(Caption-style text data)
=== Begin Enclosure ===

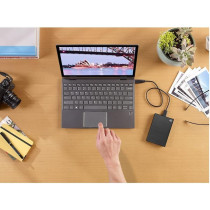 Seagate 4Tb One Touch Portable Hard Drive Usb 3.2 Gen 1 Black Stkc4000400, Stkc4000400, 4 Tb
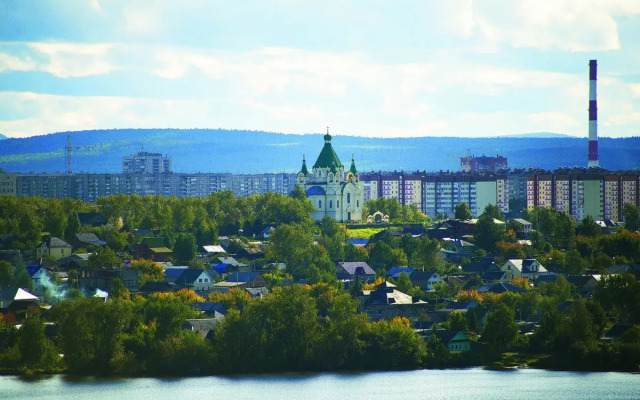 Отель Тагил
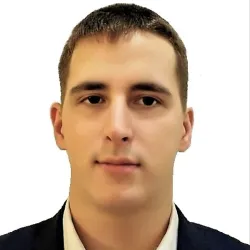 Фотография репетитора Габорак Александр Витальевич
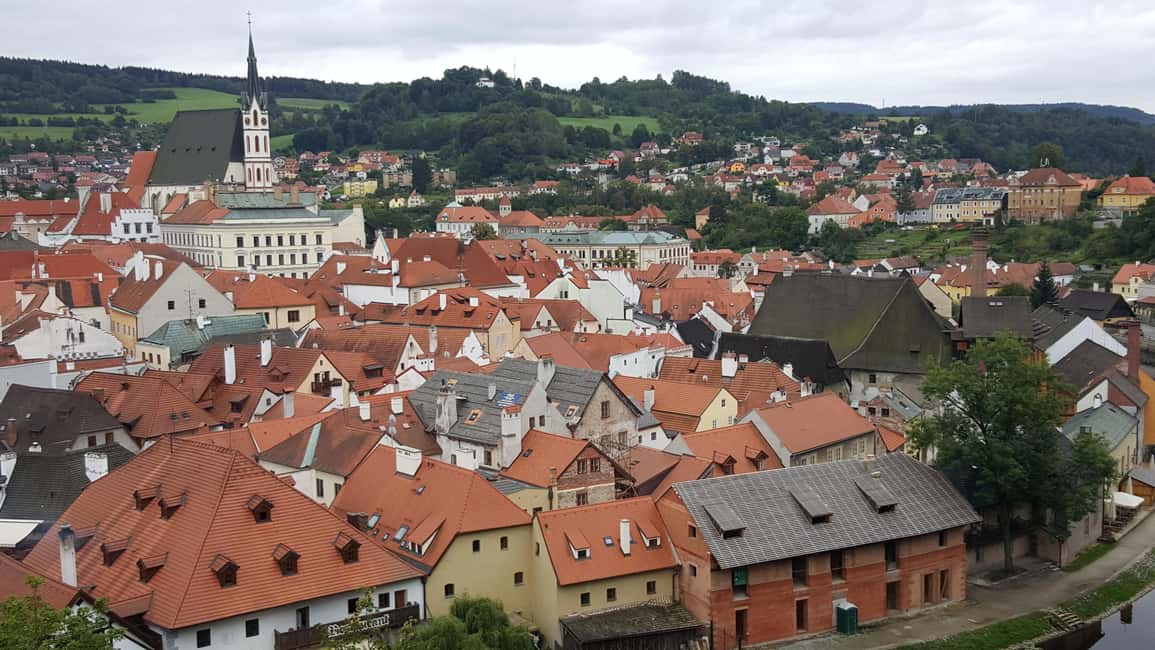 imagem n.10 de De Viena: viagem de 1 dia com guia para Cesky Krumlov em grupo pequeno atividade em República Tcheca, carregada pelo fornecedor
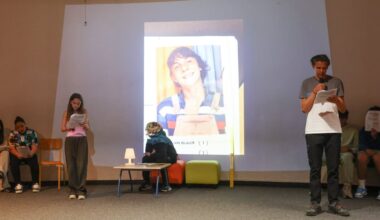 Au musée d'Histoire de Marseille, une performance collective en hommage à Sylvain Menu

=== End Enclosure ===

◆ **Exercise**:
Skip the pictures, then return the rest of the data exactly.

◆ **Reply**:
 Seagate 4Tb One Touch Portable Hard Drive Usb 3.2 Gen 1 Black Stkc4000400, Stkc4000400, 4 Tb
 Отель Тагил
 Фотография репетитора Габорак Александр Витальевич
 imagem n.10 de De Viena: viagem de 1 dia com guia para Cesky Krumlov em grupo pequeno atividade em República Tcheca, carregada pelo fornecedor
 Au musée d'Histoire de Marseille, une performance collective en hommage à Sylvain Menu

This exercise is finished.